By Lawrence D. Kaplan& Jason Shafer

In our November 2024 article we discussed the threat that increased regulatory skepticism on fintech poses to banking innovation. In light of that skepticism, banks must consider how the federal banking agencies are rethinking these third-party relationships. While the advent of middleware providers altered the direct banking as a service (BaaS) relationship between banks and fintechs, the May collapse of Synapse Technologies highlighted various model deficiencies after consumers lost access to funds, drawing the ire of regulators and lawmakers.

Though regulatory and enforcement actions by the federal banking agencies in recent years have signaled ongoing concern over BaaS models, Synapse’s collapse served as a wake-up call to banks that continued to believe that fintech engagement can be conducted as a turnkey activity, resulting in a flow of easy fee income.

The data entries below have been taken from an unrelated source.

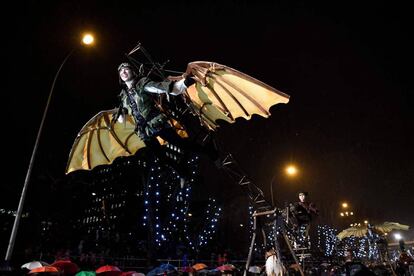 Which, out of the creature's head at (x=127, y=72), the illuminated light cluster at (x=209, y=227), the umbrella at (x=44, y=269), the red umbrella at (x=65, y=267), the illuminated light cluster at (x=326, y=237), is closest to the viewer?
the creature's head at (x=127, y=72)

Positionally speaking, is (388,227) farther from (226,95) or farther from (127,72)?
(127,72)

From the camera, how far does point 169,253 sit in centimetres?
2842

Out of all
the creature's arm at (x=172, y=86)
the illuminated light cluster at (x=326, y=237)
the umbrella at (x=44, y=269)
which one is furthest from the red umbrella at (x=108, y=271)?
the illuminated light cluster at (x=326, y=237)

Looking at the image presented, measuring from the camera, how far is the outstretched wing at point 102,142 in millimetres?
8664

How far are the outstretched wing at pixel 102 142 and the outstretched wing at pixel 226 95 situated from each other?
6.95 feet

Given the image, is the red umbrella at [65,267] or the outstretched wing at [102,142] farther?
the red umbrella at [65,267]

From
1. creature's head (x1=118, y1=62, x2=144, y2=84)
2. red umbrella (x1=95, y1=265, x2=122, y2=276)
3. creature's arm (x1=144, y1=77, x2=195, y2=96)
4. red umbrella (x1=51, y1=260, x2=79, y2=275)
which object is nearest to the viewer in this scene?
creature's arm (x1=144, y1=77, x2=195, y2=96)

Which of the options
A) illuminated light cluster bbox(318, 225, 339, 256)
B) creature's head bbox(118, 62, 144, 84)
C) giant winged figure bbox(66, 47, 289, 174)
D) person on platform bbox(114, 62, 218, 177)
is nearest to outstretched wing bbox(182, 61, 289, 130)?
giant winged figure bbox(66, 47, 289, 174)

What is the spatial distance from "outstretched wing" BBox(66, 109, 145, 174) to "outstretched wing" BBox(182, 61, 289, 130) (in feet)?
6.95

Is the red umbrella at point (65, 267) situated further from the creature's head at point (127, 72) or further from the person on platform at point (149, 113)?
the creature's head at point (127, 72)

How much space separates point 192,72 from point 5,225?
18.0m

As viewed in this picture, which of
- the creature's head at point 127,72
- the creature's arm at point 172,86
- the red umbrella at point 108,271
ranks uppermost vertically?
the creature's head at point 127,72

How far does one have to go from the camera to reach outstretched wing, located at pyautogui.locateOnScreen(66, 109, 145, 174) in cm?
866

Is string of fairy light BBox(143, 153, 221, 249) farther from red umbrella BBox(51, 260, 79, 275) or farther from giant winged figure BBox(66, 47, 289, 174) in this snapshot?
giant winged figure BBox(66, 47, 289, 174) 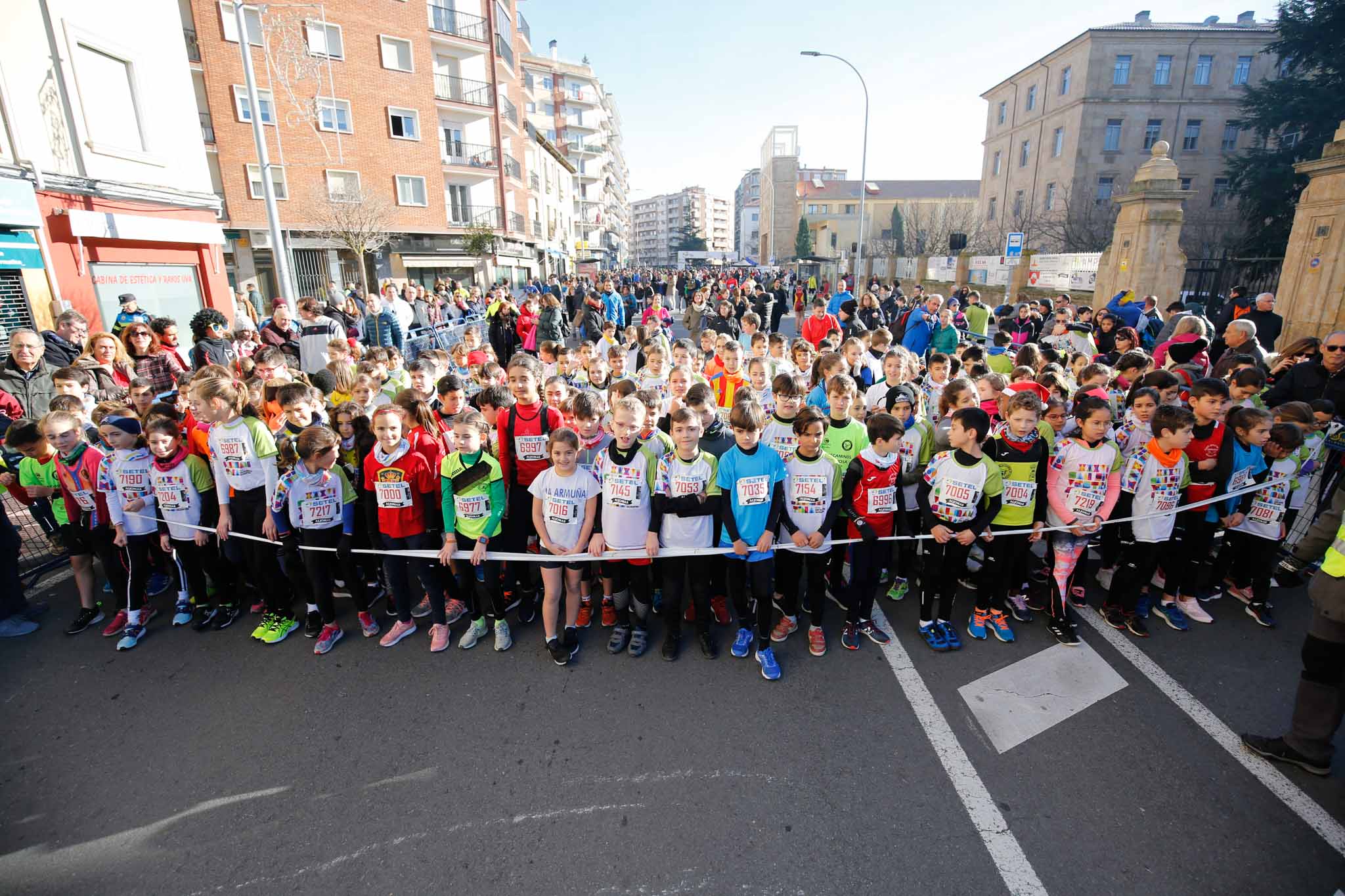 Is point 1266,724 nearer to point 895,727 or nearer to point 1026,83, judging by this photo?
point 895,727

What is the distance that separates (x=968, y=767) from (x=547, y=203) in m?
49.7

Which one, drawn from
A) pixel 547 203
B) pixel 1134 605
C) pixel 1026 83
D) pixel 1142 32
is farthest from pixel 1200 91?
pixel 1134 605

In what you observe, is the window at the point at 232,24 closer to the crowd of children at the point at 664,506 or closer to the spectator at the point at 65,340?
the spectator at the point at 65,340

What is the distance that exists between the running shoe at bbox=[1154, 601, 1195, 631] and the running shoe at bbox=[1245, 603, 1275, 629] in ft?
1.33

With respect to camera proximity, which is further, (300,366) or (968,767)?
(300,366)

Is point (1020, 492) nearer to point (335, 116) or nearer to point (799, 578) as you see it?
point (799, 578)

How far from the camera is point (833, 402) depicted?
14.9 ft

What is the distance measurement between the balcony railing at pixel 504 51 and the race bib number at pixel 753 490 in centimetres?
3661

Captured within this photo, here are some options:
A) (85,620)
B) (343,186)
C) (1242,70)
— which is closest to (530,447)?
(85,620)

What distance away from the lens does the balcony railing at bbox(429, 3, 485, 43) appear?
29.9 metres

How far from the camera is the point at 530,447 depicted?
15.5 feet

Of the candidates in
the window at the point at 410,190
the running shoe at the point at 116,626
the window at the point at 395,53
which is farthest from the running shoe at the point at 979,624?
the window at the point at 395,53

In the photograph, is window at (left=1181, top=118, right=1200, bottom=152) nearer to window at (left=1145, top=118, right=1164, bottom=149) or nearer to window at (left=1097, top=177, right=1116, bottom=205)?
Answer: window at (left=1145, top=118, right=1164, bottom=149)

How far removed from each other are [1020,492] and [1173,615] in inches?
62.0
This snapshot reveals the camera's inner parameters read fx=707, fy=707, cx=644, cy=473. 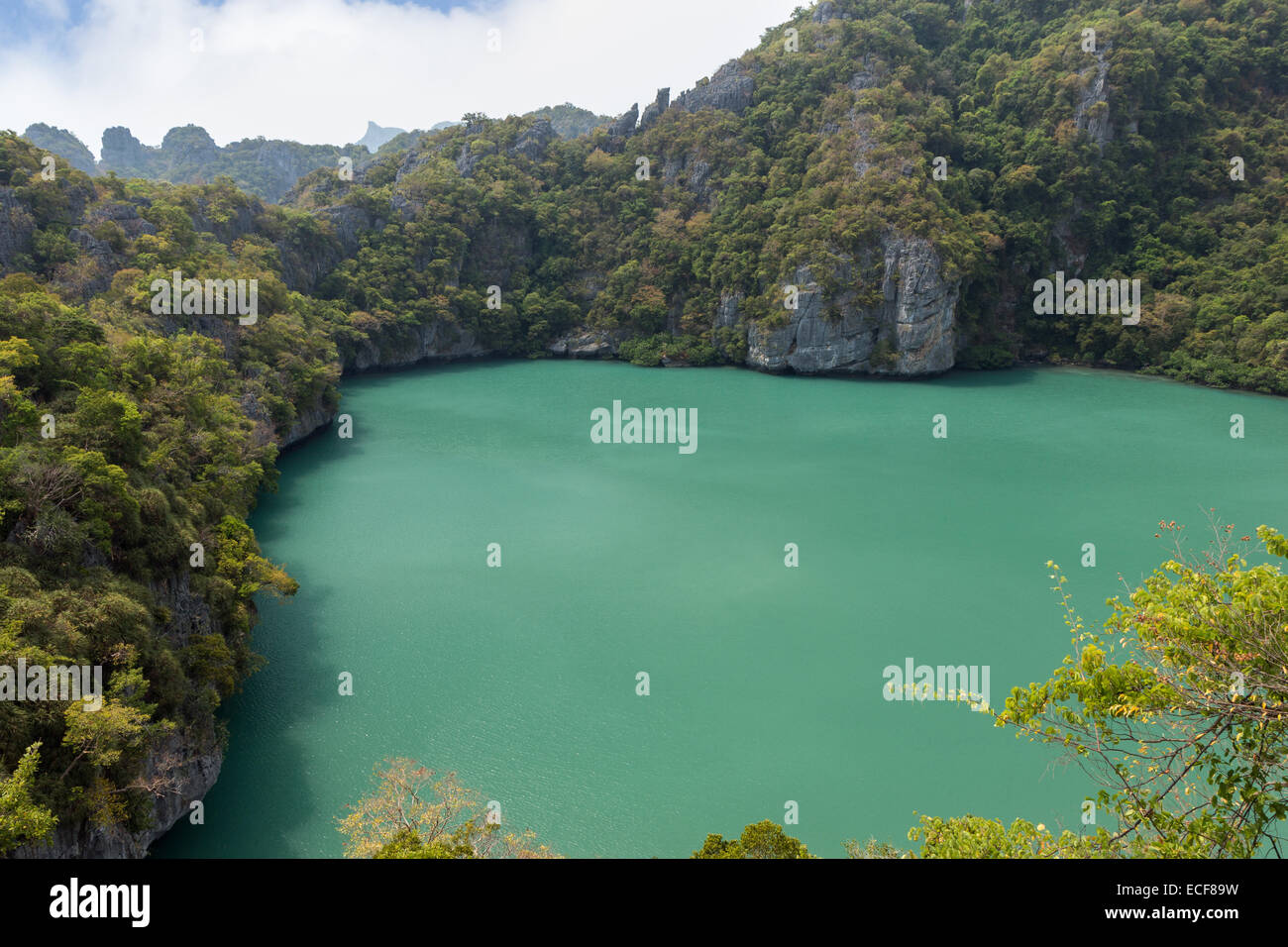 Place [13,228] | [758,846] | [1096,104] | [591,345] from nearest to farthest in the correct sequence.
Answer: [758,846] → [13,228] → [1096,104] → [591,345]

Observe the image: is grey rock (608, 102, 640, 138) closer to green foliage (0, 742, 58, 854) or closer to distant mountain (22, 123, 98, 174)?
green foliage (0, 742, 58, 854)

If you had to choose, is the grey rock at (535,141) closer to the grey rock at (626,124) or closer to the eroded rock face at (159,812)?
the grey rock at (626,124)

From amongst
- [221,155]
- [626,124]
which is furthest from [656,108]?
[221,155]

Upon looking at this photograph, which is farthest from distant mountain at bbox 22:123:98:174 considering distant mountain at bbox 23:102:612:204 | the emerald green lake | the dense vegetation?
the emerald green lake

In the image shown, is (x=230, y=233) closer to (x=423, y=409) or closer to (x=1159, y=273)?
(x=423, y=409)

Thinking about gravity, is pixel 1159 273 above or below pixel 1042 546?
above

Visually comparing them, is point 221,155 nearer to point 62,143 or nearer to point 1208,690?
point 62,143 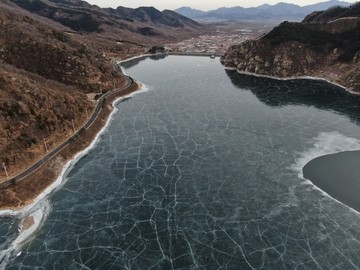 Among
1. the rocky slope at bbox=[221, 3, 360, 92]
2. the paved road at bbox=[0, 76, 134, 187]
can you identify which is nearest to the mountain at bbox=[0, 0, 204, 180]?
the paved road at bbox=[0, 76, 134, 187]

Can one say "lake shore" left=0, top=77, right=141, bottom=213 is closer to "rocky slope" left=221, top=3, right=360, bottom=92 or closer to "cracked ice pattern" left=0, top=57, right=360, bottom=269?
"cracked ice pattern" left=0, top=57, right=360, bottom=269

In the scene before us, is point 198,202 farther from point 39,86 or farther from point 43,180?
point 39,86

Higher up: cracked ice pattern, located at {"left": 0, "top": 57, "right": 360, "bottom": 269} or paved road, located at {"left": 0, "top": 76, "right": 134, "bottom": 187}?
paved road, located at {"left": 0, "top": 76, "right": 134, "bottom": 187}

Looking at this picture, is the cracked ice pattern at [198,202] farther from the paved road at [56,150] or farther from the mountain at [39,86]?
the mountain at [39,86]

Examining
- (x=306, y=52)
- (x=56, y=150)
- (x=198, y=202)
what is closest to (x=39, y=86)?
(x=56, y=150)

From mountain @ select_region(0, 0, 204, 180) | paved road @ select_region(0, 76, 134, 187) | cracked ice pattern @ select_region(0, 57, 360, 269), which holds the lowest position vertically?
cracked ice pattern @ select_region(0, 57, 360, 269)

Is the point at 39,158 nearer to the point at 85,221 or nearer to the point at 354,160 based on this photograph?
the point at 85,221

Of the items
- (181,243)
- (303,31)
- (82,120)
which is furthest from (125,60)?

Federal agencies’ response to the Synapse collapse — regulatory and supervisory guidance addressing risks posed by third parties that arrange the provision of deposit products and services, new enforcement actions against BaaS-focused banks that lacked appropriate oversight and significant rulemakings — have effectively halted most banks’ laissez faire approach to these relationships. Now, a new framework for bank-fintech relationships has emerged that requires substantial bank involvement.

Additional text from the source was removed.